My Baps suffered the consequences of failing to comply with the contractual notice and claim submission requirements, failing to request a hearing with the CPO, and failing to raise all facts, arguments, objections, and defenses before the CPO.  The lessons learned from My Baps are clear.  If you fail to follow the procedural rules, you lose your rights to the claim.  If you fail to raise an issue during the proceedings with the CPO, you lose the opportunity to raise it.  You must take concrete steps to prevent the loss of your rights.

    • Create a flow-chart of the contractual requirements. Review the flow-chart with all members of the project team before construction commences.  Regularly revisit the flowchart with the project team to ensure that all project participants understand the requirements and the consequences of failing to comply with them.
    • Log potential changes. Create a potential change order log that identifies the issue, the date it arose, and all applicable notice and timing requirements that must be met.  Require the project manager and key project staff to meet weekly to review the log to ensure the timing requirements are being met.
    • Calendar key dates and assign responsibility for compliance to a single member of the project team. This will help to ensure deadlines do not slip away due to confusion or miscommunication.
    • Be certain that you deliver notices and claims to the proper person and in the proper manner.  Create an organizational chart of the procuring agency that identifies by name, title, and address all persons involved in the contractual process and all other owner-officials that are not identified in the contractual process.
    • Submission content. Do more than simply comply with the minimum submission requirements set forth in the contract.  Submit a well-written and persuasive claim – with support.  If you think that this will require the assistance of counsel or a scheduling or engineering consultant, engage them early in the process.
    • Preserve relationships by sticking to the facts. The owner should not be surprised or angry to receive a notice or claim submission.  The notice and claim requirements were part of the deal struck when you signed the contract.  Don’t protect relationships by electing not to submit legitimate claims.  Instead, protect relationships by sticking to the facts and the applicable contract requirements, while leaving emotions for another time and place.  Also, give owner’s team a phone call before submitting.  Usually, it is not the submission itself that damages a relationship, but rather the act of catching someone by surprise.
    • Know the project. Before you submit your bid, get to know your project and understand its risks, including the likelihood of unfavorable claim resolution, and price those risks accordingly.

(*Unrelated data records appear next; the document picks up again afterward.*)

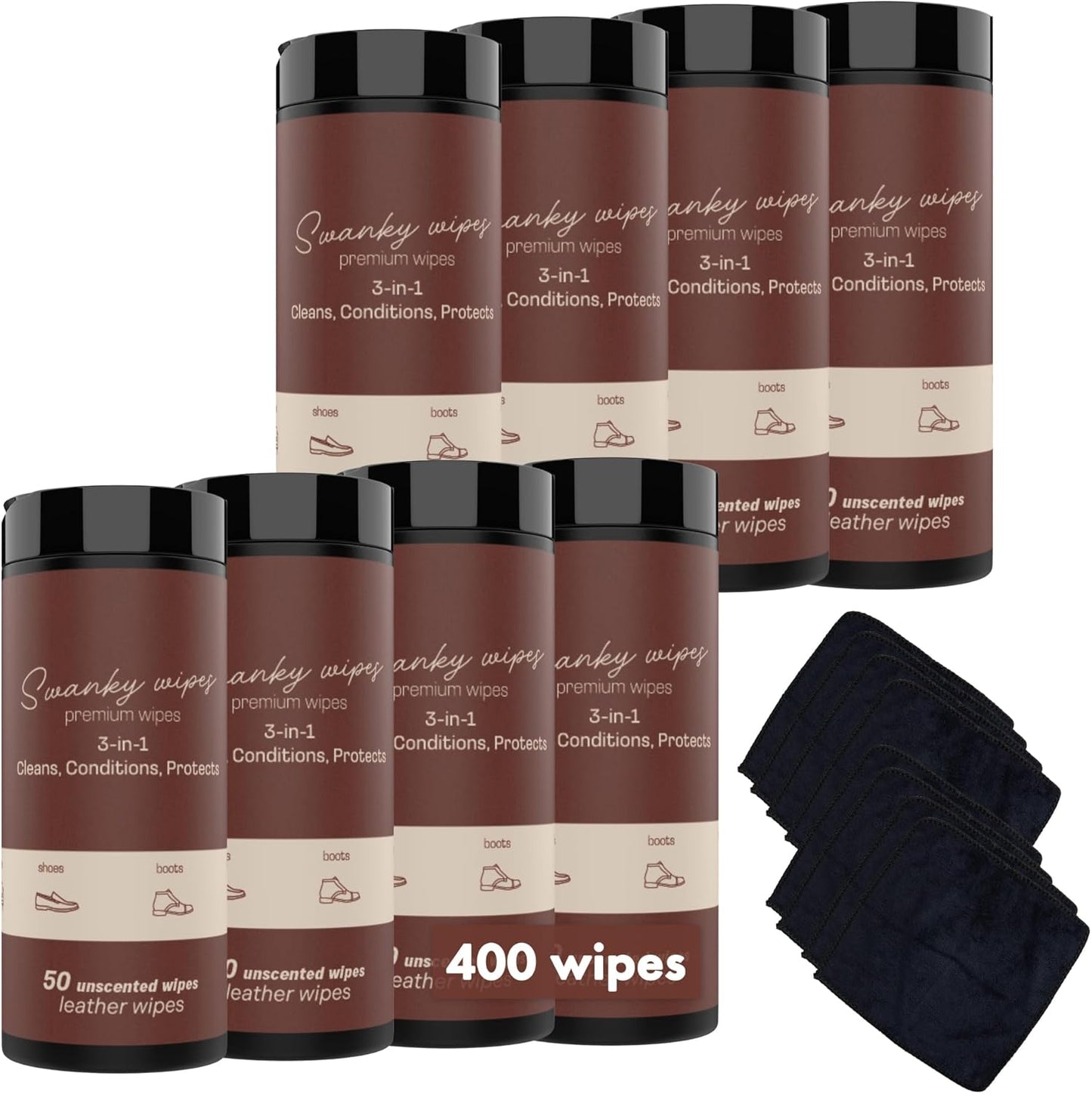Swanky Leather Wipes - Leather Cleaner and Conditioner for Purses, Shoes, Furniture Polish & Car Seats, Prevents Fading & Cracking, Restores Softness & Shine - Soft Wipes, 30 Count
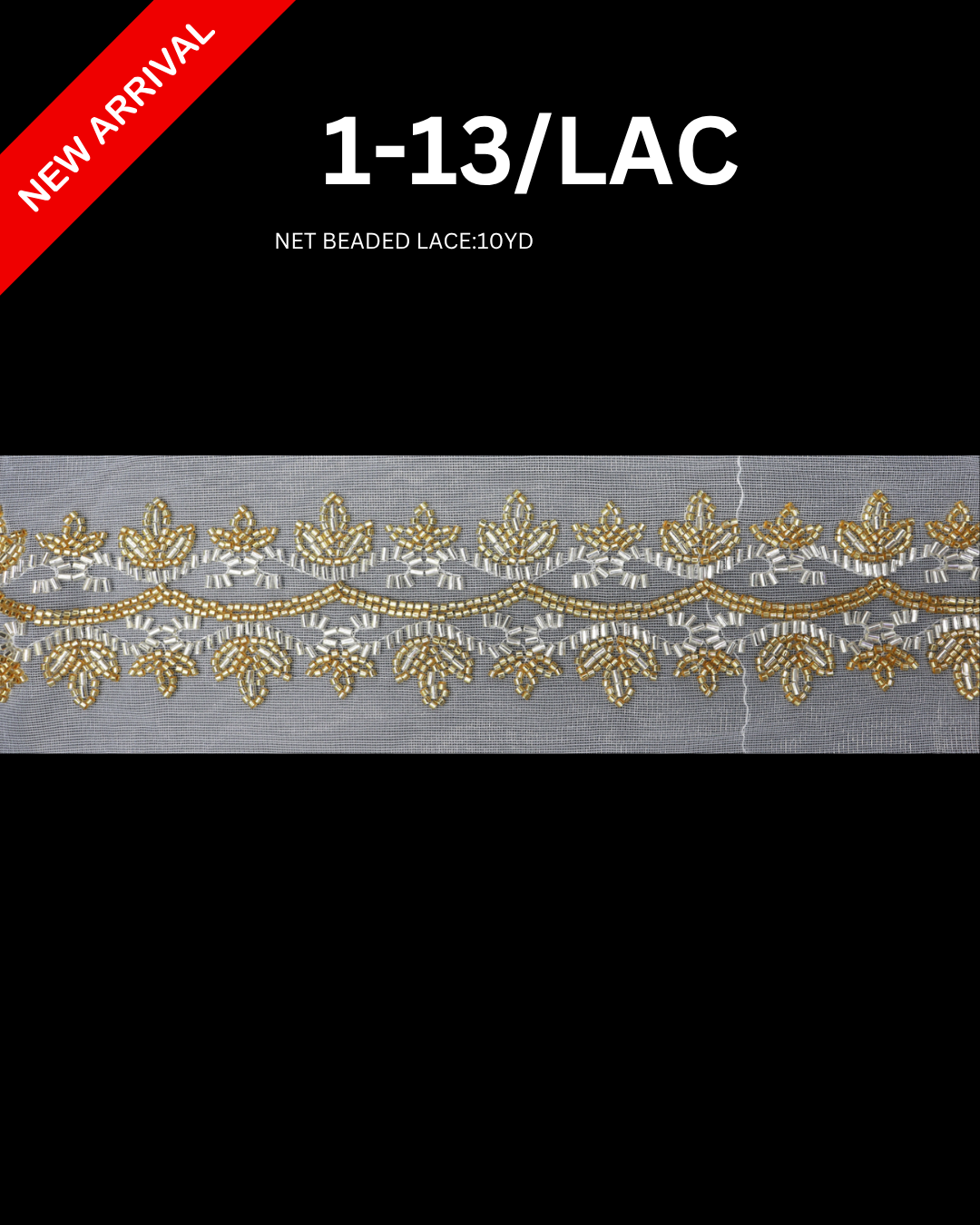1-13/LAC Premium Net Beaded Lace Trim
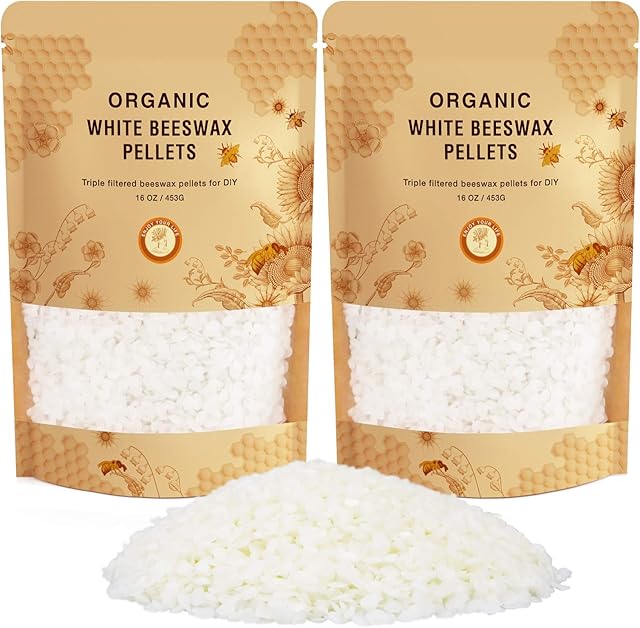 White Beeswax Pellets, Beeswax for Candle Making, Beeswax Pellets Cosmetic Grade Eco Friendly Products, Organic Beeswax for Body, Skin Care DIY, Lip Balm and Soap Making Supplies [ 1000g ]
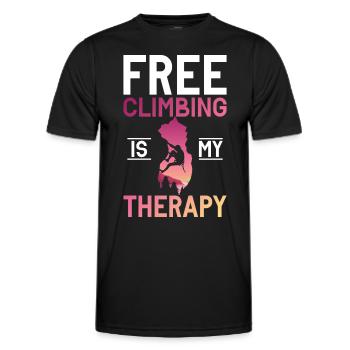 Free Climbing Bergsteiger & Bouldern Freeclimbing - Männer Funktions-T-Shirt - Schwarz - Vorne - AI Model Male 178 dark (178cm)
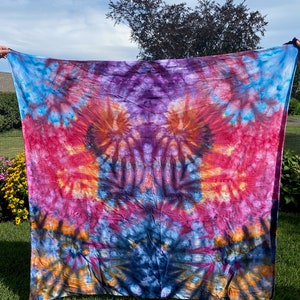 Hecho a mano ICE TIE DYE Tapestry Mandala Design, Boho Tapestry, Hippie Tapestry, Dorm Room, Festival Decor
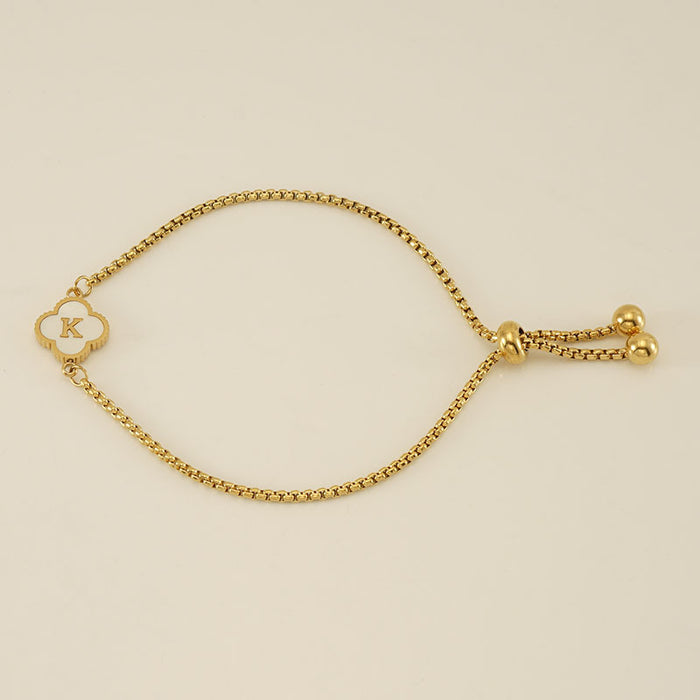 Wholesale Stainless Steel Seashell Four-Leaf Clover Letter Bracelet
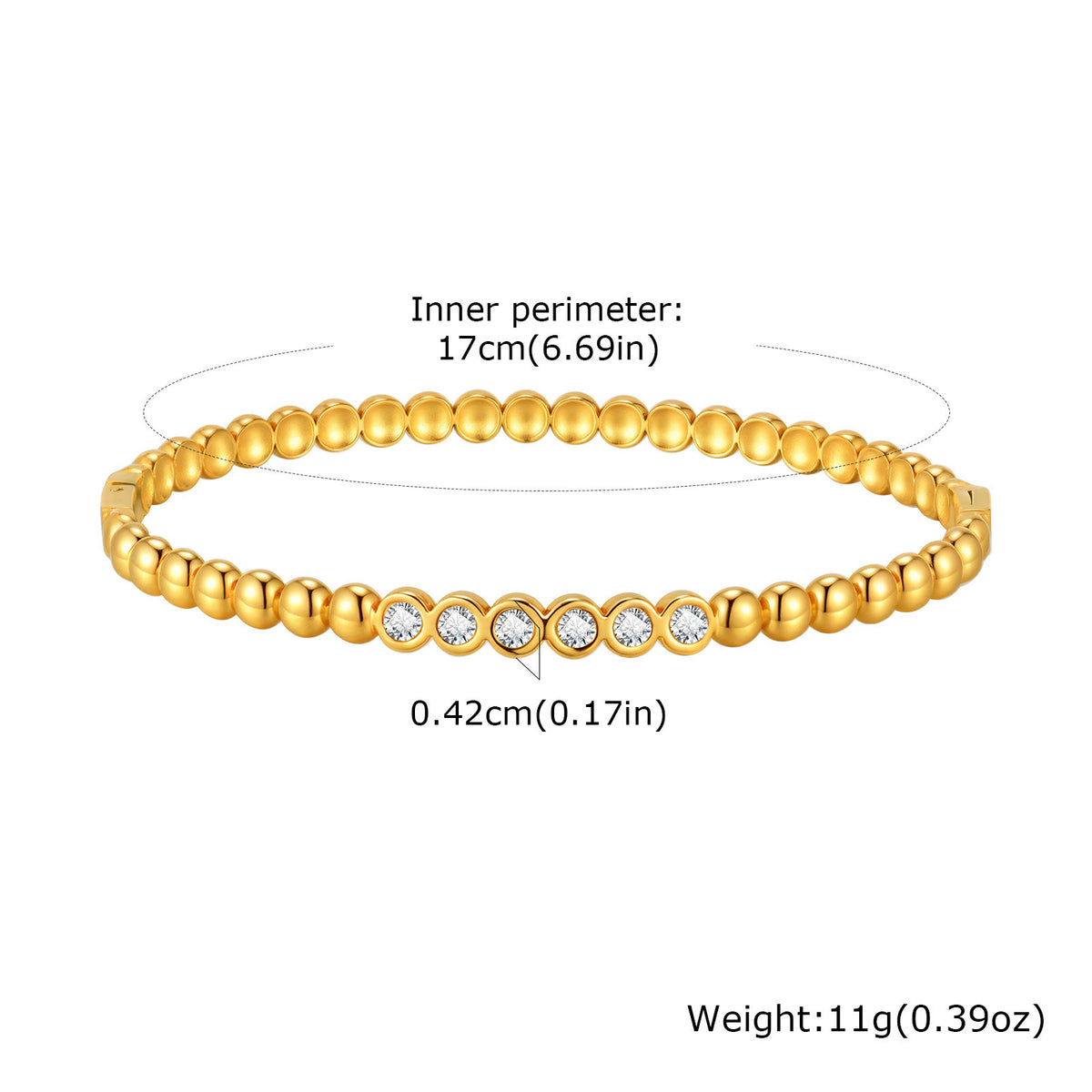 Zircon Geometric Gold-Plated Stainless Steel Bracelet for Women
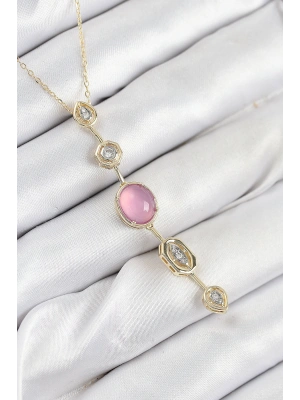 Pirinç Zincir Pembe Gold Renk Zirkon Taşlı Y Kolye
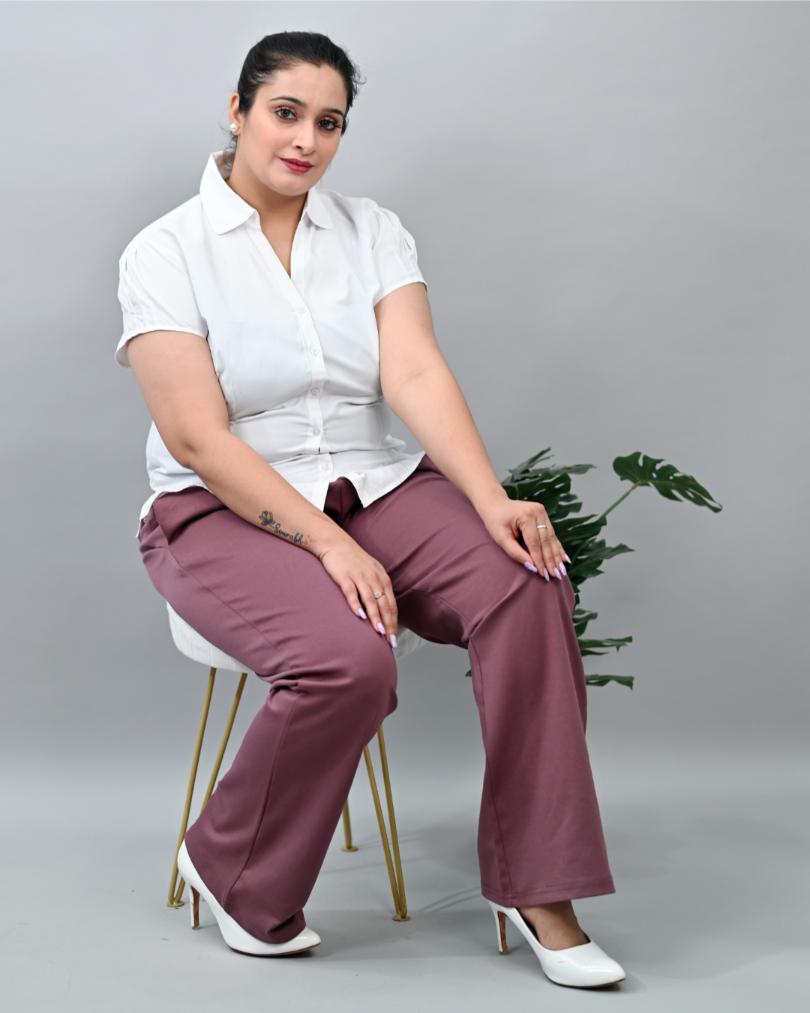 Grape Shake Plus Size Bootcut Flare Pants -Milano plus size bootcut flare pants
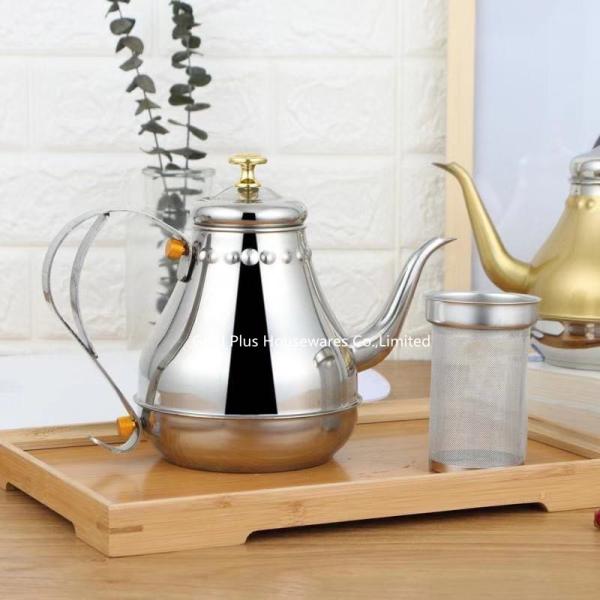 Cheap Reinforced Stainless Steel Tea Kettle 1.2L Anti Side Leakage SS Coffee Pot With Filter Kitchen Supplies for sale
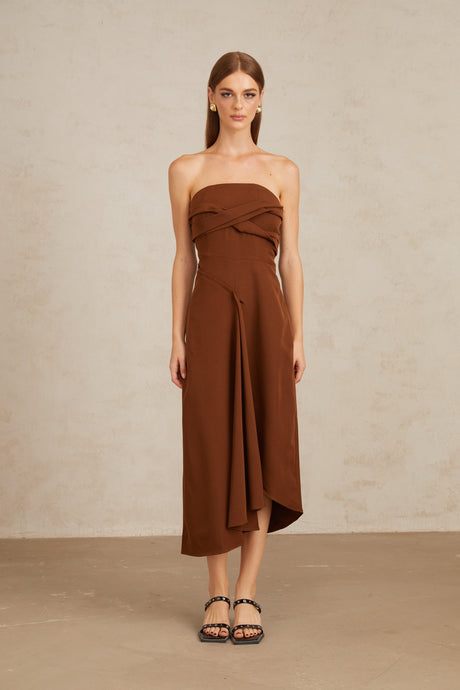 Aurohaya Kyliegh Brown Asymmetrical Off-Shoulder Midi Dress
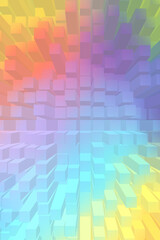 A voluminous abstract background with soft rainbow like gradients forming a structure of blocks receding into the distance. The colors are bright but balanced.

Know the rules, follow the rules, and implement the above strategies – your efforts may just save you from making a six million dollar mistake.

 


 

[1] There is no express timing requirement for this submission.  But it must be submitted early enough to provide the contractor sufficient time to permit the Commissioner to respond to the claim before the deadline to submit the claim to the CPO.  Contractors should not delay this submission—the stakes are simply too high.

[2] See the Dispute Regulations for the list of documents and materials required in the submission to the CPO.

[3] Stratton v. Wenona Community Unit District No. 1, 133 Ill. 2d 413, 427 (1998).

[4] Id.

[5] This was an innocent mistake, as the notice-to-proceed directed My Baps to submit all correspondence to the deputy commissioner.